Throughout the world, Parkinson’s disease is on the rise due, in particular, to an aging population. Age is one of the main risk factors for this disease, which primarily affects control of motor functions.

10 M

The number of people living with Parkinson’s disease1 worldwide

60 years old

Average age when diagnosed2.

Over 12 M

The estimated number of people suffering from Parkinson’s disease worldwide by 20403.

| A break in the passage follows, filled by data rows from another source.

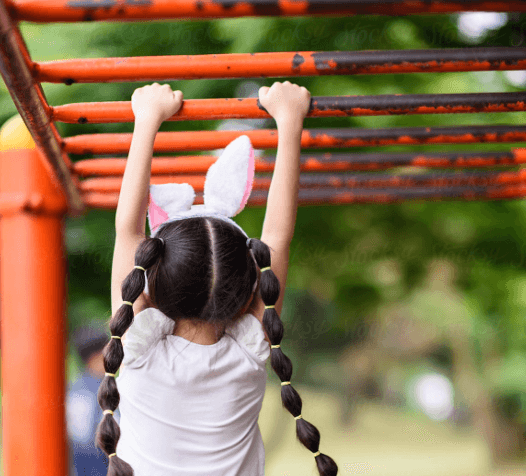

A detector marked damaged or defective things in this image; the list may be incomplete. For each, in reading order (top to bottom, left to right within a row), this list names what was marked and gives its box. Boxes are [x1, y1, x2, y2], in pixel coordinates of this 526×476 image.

rusty metal bar [7, 0, 526, 23]
rusty metal bar [37, 48, 526, 83]
rusty metal bar [0, 0, 84, 216]
rusty metal bar [51, 92, 526, 123]
rusty metal bar [64, 124, 526, 154]
rusty metal bar [72, 151, 526, 177]
rusty metal bar [77, 170, 526, 194]
rusty metal bar [81, 183, 526, 209]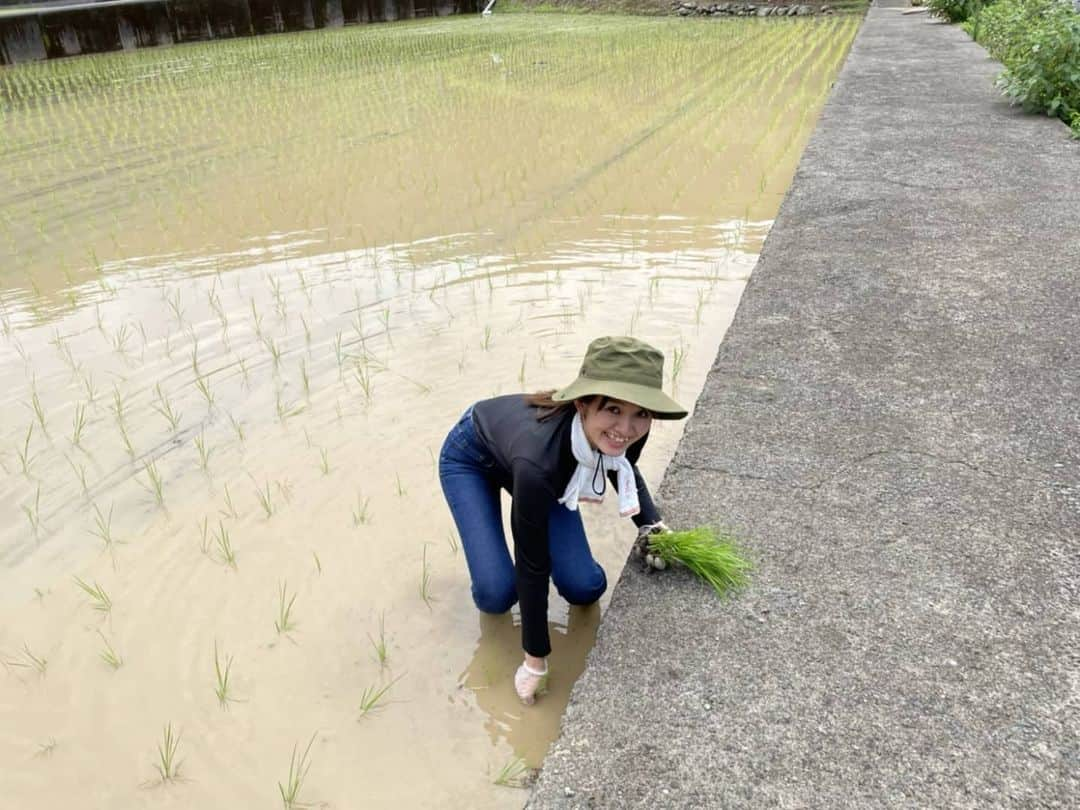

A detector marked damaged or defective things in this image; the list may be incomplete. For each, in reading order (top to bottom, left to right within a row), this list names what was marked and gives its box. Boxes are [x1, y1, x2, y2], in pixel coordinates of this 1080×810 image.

cracked concrete surface [529, 6, 1080, 810]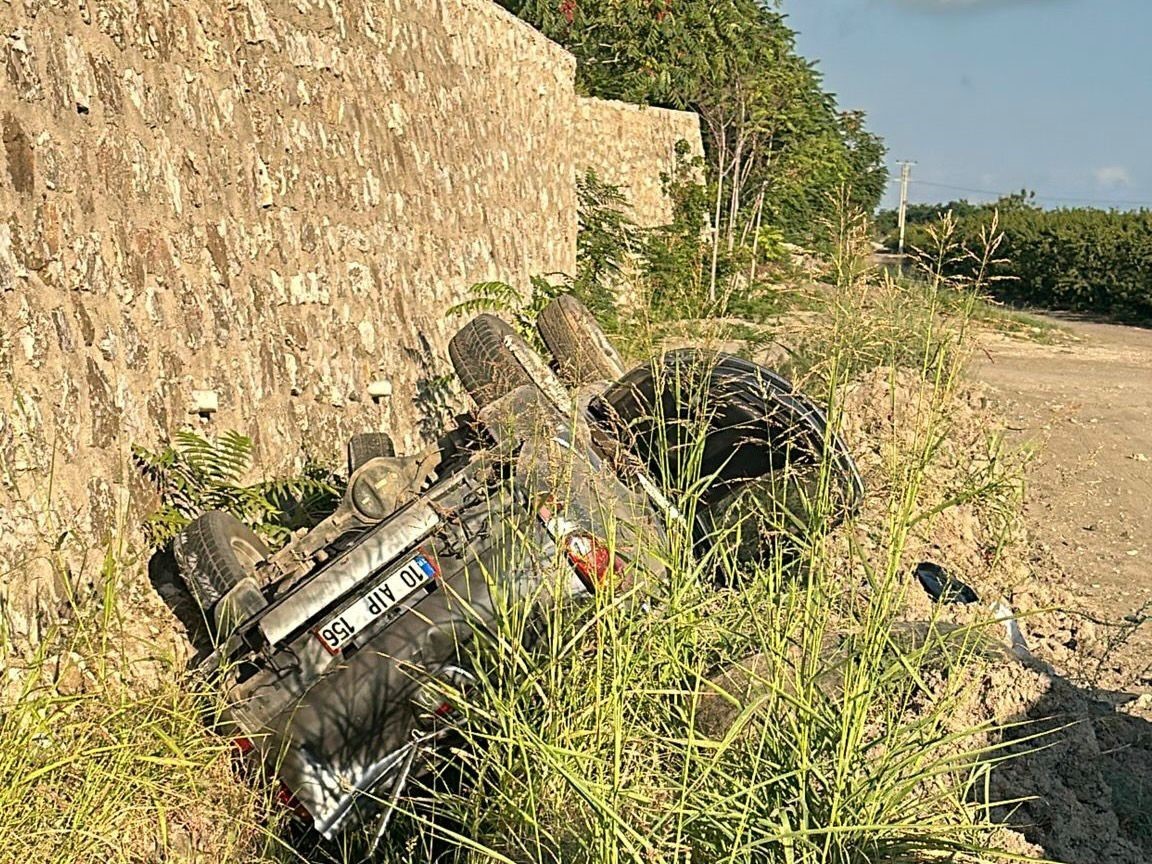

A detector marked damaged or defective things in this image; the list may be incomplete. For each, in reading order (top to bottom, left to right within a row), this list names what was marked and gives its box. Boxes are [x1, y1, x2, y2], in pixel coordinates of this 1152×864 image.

Alterations in neurons are at the root of the disease

Parkinson’s disease results in a gradual, progressive degeneration of neurons. In particular, it involves dopaminergic neurons, which are located in the specific area of the brain responsible for producing dopamine, a neurotransmitter involved in controlling movement. In the affected neurons, Lewy bodies have been found, which are composed predominantly of aggregates of the protein called alpha-synuclein.

Did you know?

Parkinson’s is diagnosed when more than 50% of dopaminergic neurons have been destroyed. The loss in dopamine leads to the appearance of three motor symptoms: slowness of movements, rigidity – or stiff muscles – and tremors.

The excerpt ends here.